→ Caption-style text data:
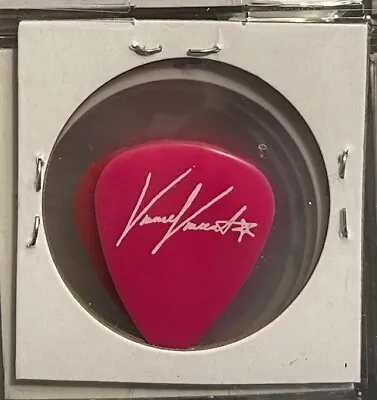 Vinnie Vincent Invasion Vinnie Vincent Vintage 1986 Tour Guitar Pick Hair Metal • $49.95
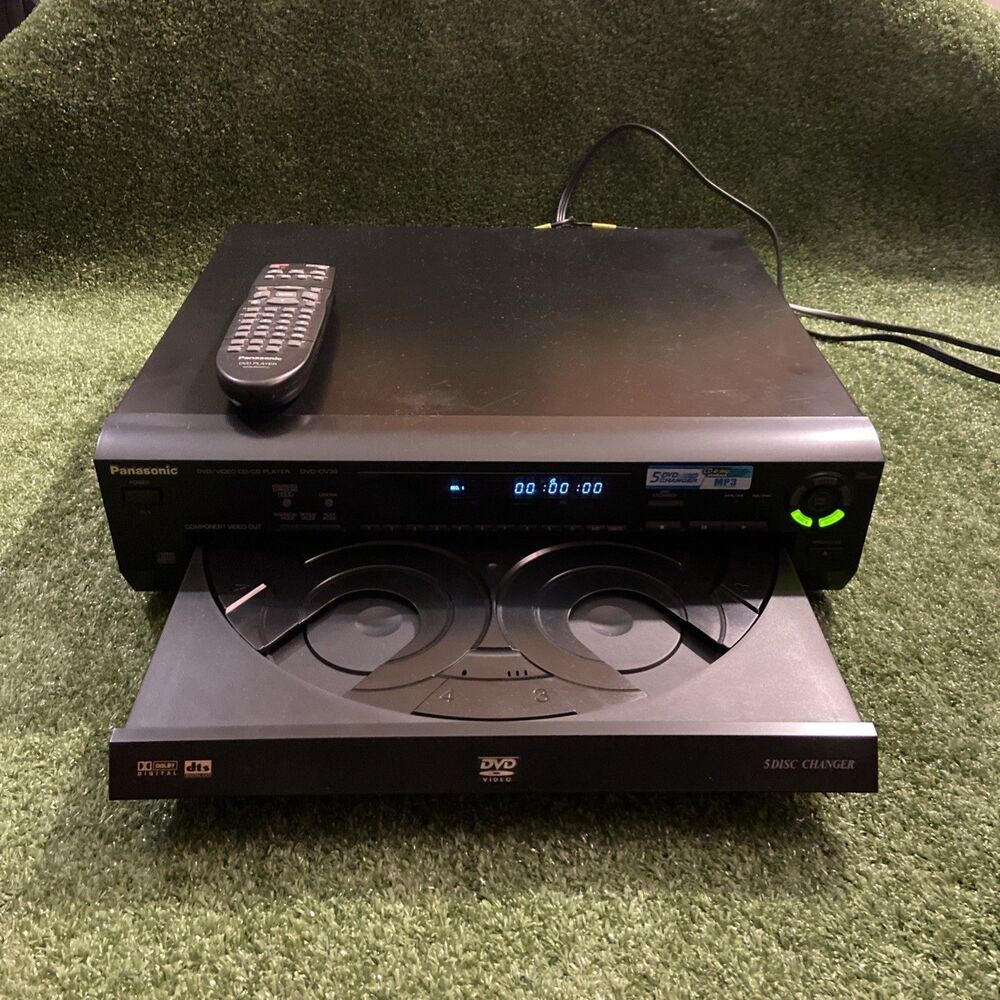 Vintage Panasonic DVD/CD Player 5 Disc Changer CD-R/RW Playback MP3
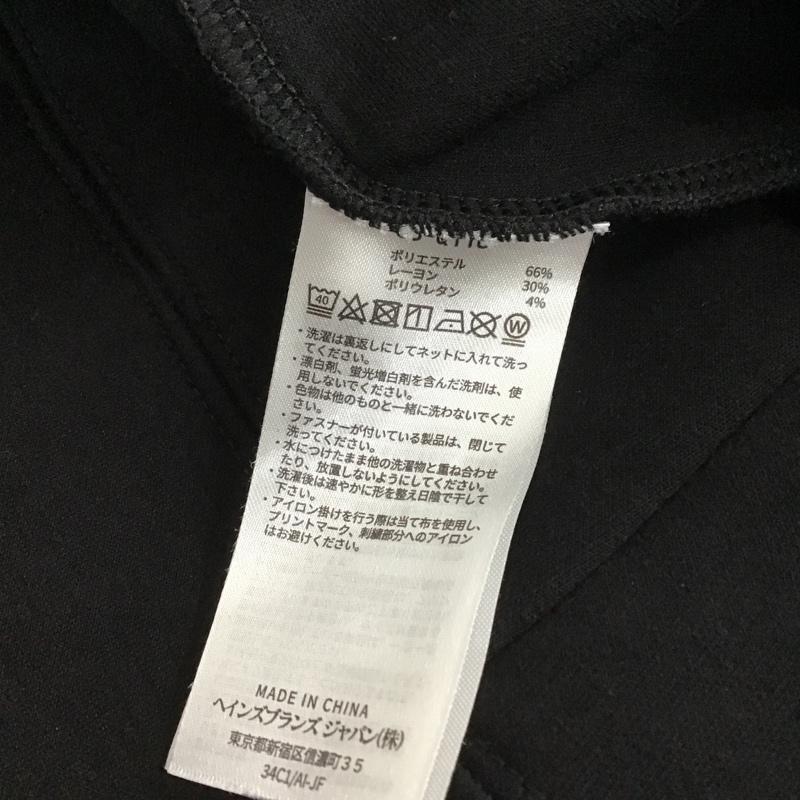 チャンピオン Champion パーカー 長袖 C3-Q110 プルオーバーパーカー 長袖パーカー スウェット L ロゴ、文字 黒 / ブラック / メンズ USED 古着 中古 10105221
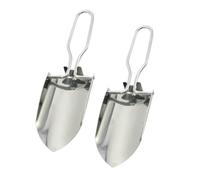 Homoyoyo Lot de 2 Pelles de Jardin Pliantes en Acier Inoxydable Mini Outils de Plantation Légers et Compacts pour Jardinage Extérieur et Culture en Pot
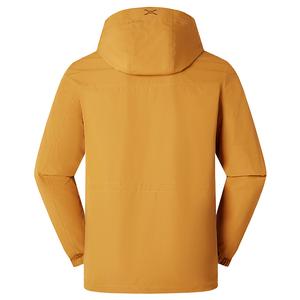 Куртка-ветровка мужская Jeep, елово-желтая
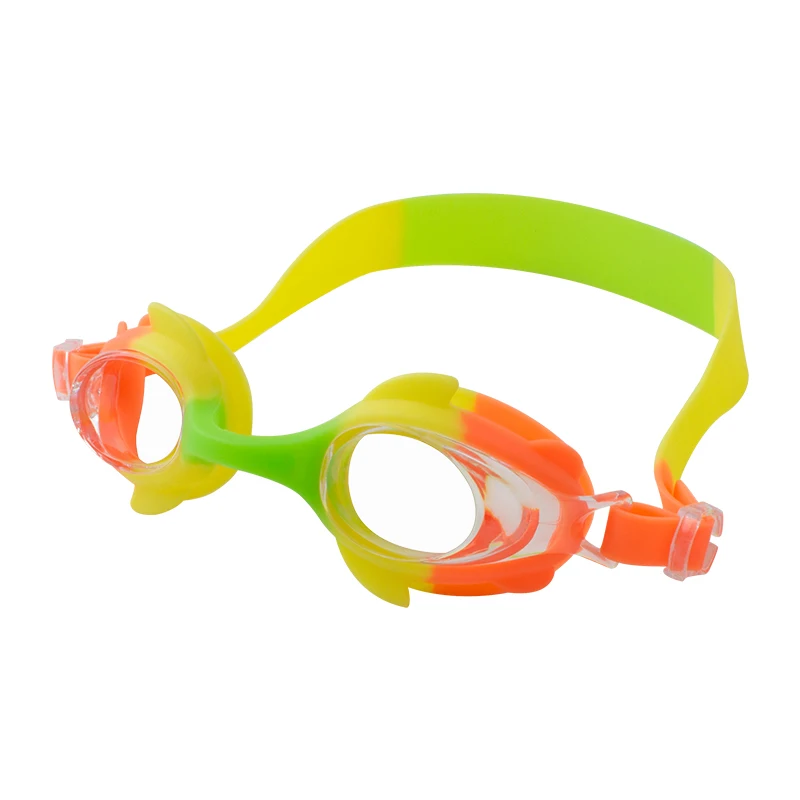 Kids Cute  Professional  Non Leaking  Swimming  Goggles  Anti-Fog Silicone Swim Goggles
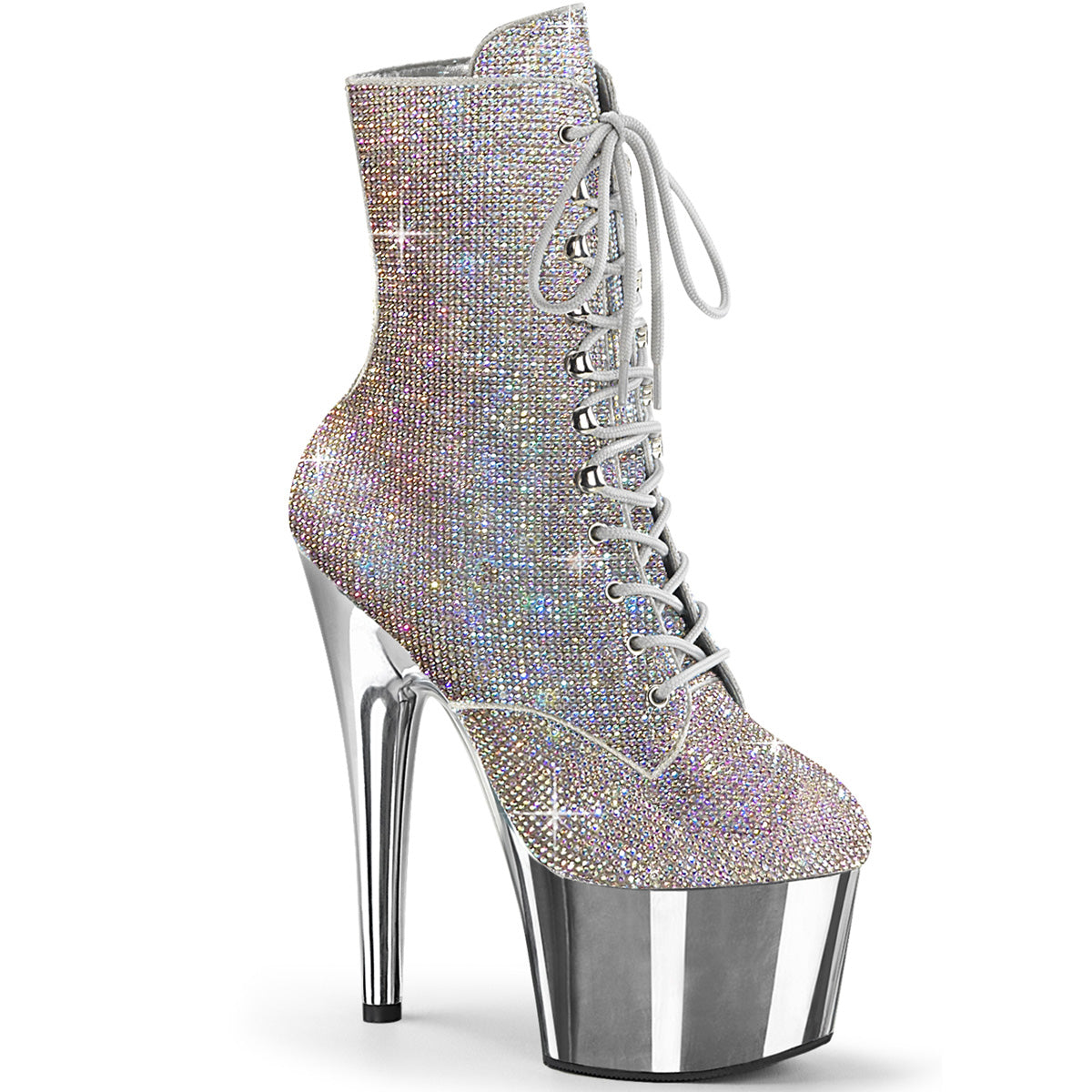 Pleaser  Bottines ADORE-1020CRS SLV Multi RS / SLV Chrome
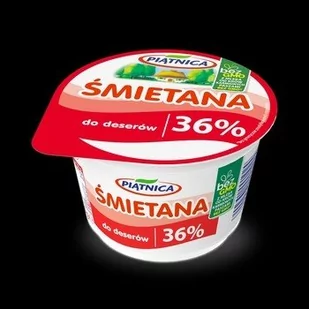 Piątnica Śmietana 36% do deserów - Śmietana - miniaturka - grafika 1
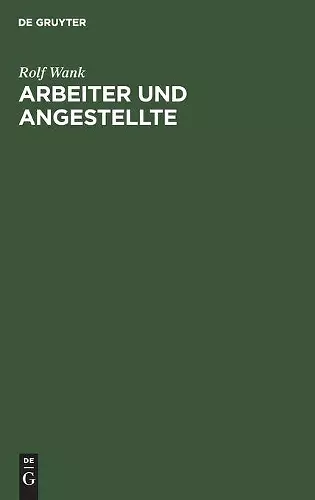 Arbeiter und Angestellte cover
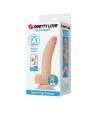 PRETTY LOVE - ELLCUMENT GODEMICHET RÉALISTE ET FLEXIBLE 18 CM Ø 4,5 CM TPE NATUREL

→ Activity: The lines from the one holding "Homoyoyo Lot de" to the final line of the entries are to be duplicated exactly, and the pictures are to be left out.

→ Written solution:
 Homoyoyo Lot de 2 Pelles de Jardin Pliantes en Acier Inoxydable Mini Outils de Plantation Légers et Compacts pour Jardinage Extérieur et Culture en Pot
 Куртка-ветровка мужская Jeep, елово-желтая
 Kids Cute  Professional  Non Leaking  Swimming  Goggles  Anti-Fog Silicone Swim Goggles
 Pleaser  Bottines ADORE-1020CRS SLV Multi RS / SLV Chrome
 Piątnica Śmietana 36% do deserów - Śmietana - miniaturka - grafika 1
 Arbeiter und Angestellte cover
 PRETTY LOVE - ELLCUMENT GODEMICHET RÉALISTE ET FLEXIBLE 18 CM Ø 4,5 CM TPE NATUREL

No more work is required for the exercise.